Richard Ebeling explains that we will not be saved by technocrats [4].

Zoey Poll reviews, in the New Yorker, Bryan Caplan’s and Zach Weinersmith’s Open Borders [5].

Marian Tupy and Chelsea Follett correct Bernie Sanders on Cuba [6].

Also rightly critical of Bernie Sanders is Jonah Goldberg [7]. A slice:

First, while it’s true that Sanders does not advocate communism, it’s also true that when communism was still a live proposition in the Soviet Union, Sanders lavished praise on it. It’s also true that he remains bizarrely fond of other non-democratic socialist regimes, including Cuba’s. So while he may not be proposing communism for the U.S. per se, the fact that Sanders isn’t horrified by communist countries should tell you something about how far he might like to take socialism here.

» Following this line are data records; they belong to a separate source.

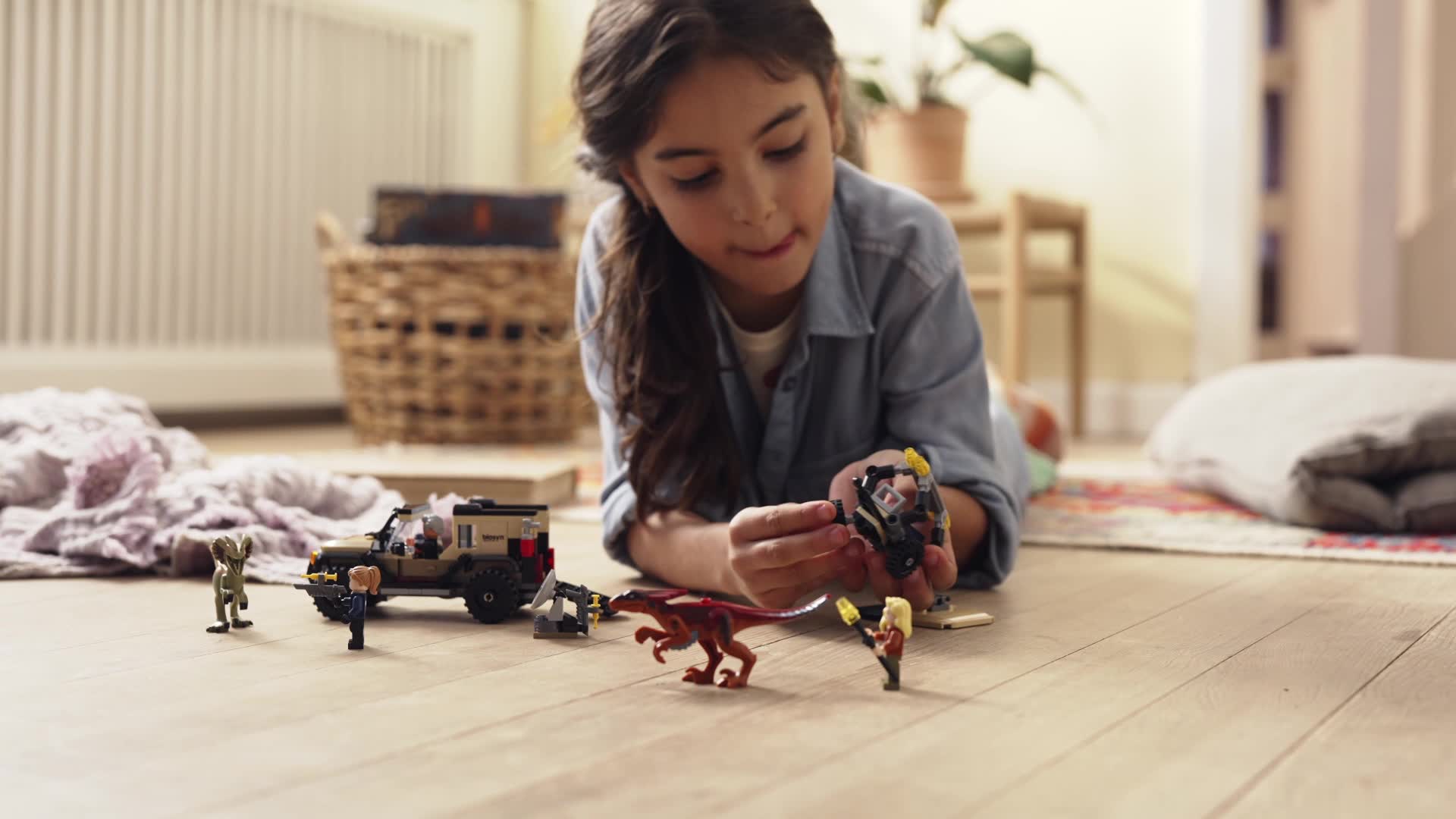 LEGO® Jurassic World - Transport de Piroraptor și Dilophosaurus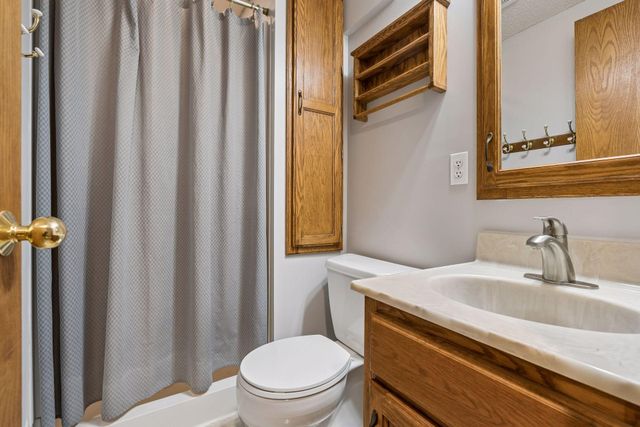 8584 Pinehurst Alcove, Woodbury, MN 55125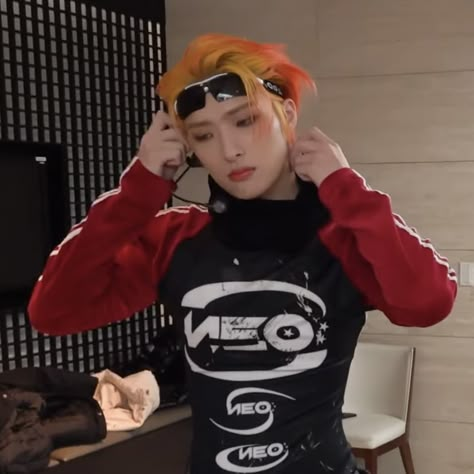 Rengoku Mingi Ateez, Mingi Ateez Christmas, Princess Mingi, Ateez Mingi, Mingi Pfp, Mingi Icons, Mingi Blonde, Mingi Ateez Fire Hair, Mingi Ateez Orange And Red Hair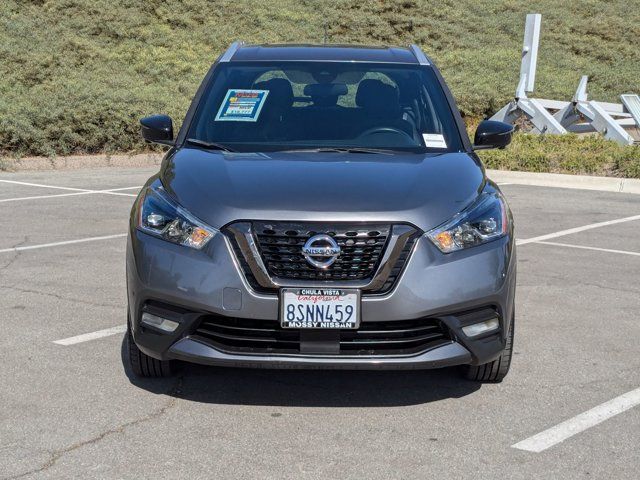 2020 Nissan Kicks SR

Jeffrey Tucker is rightly amazed that we are again seriously debating the merits of socialism vs. capitalism [8].

Sweden ain’t socialist! [9]

My GMU Econ colleague Larry White argues, in the Wall Street Journal, against the claim that the U.S. needs a national digital currency [10]. A slice:

Those who say the U.S. government needs to act to ensure the dollar doesn’t lose its dominance to another nation’s digital currency or a private cryptocurrency have it backward. The best way to improve the speed and convenience of dollar payments is through entrepreneurial competition, not the heavy hand of government. The dollar will reign so long as the Fed keeps the dollar inflation rate low.